Methods: We conducted a systematic review and meta-analysis following PRISMA guidelines. MEDLINE, EMBASE, and CENTRAL were searched from inception to September 2025 for randomized controlled trials (RCTs) and observational studies reporting acne incidence in IBD patients on JAK inhibitors. Data were pooled using a random-effects generalized linear mixed-effects model. Pre-specified subgroup analyses were performed.

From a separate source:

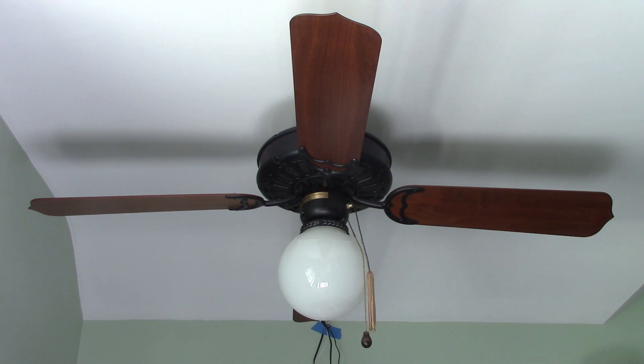Today, we're going to be taking a look at a Casablanca Delta in charcoal black. I got this fan from Brandon C. Johnson recently, and this one slightly differs from the first two charcoal black Deltas that I videotaped, in the sense that this one has the 2-inch arm blade brackets, while the others had 1-inch arm blade brackets.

Results: A total of 50 studies (5 RCTs, 45 observational) involving 9902 IBD patients were included. The overall pooled incidence of acne was 8.6% (95% CI: 6.4%-11.6%). Acne rates were significantly higher (P < .0001) with the upadacitinib (12.2%), compared to tofacitinib (2.6%) and filgotinib (2.3%). A numerically higher incidence was observed during induction (8.6%) versus maintenance (4.2%) therapy, though this difference was not statistically significant (P = .07). The incidence was significantly higher in the pediatric population (12.2%) compared to adults (7.4%) (P = .03). In RCTs, JAK inhibitors were associated with significantly increased odds of acne compared to placebo (OR 2.43, 95% CI: 1.33-4.43, P = .019). No statistically significant difference was observed by IBD subtype.
Conclusion: Acne is a common adverse event in IBD patients treated with JAK inhibitors. The reported incidence of acne was significantly higher with upadacitinib, in the pediatric population, and numerically higher during the induction phase of treatment.
Keywords: Crohn’s disease; IBD; JAK inhibitor; acne; ulcerative colitis.
This systematic review and meta-analysis of 9902 IBD patients found an 8.6% incidence of acne with JAK inhibitors. The risk is significantly higher with upadacitinib and in pediatric patients, providing key data for clinical counseling.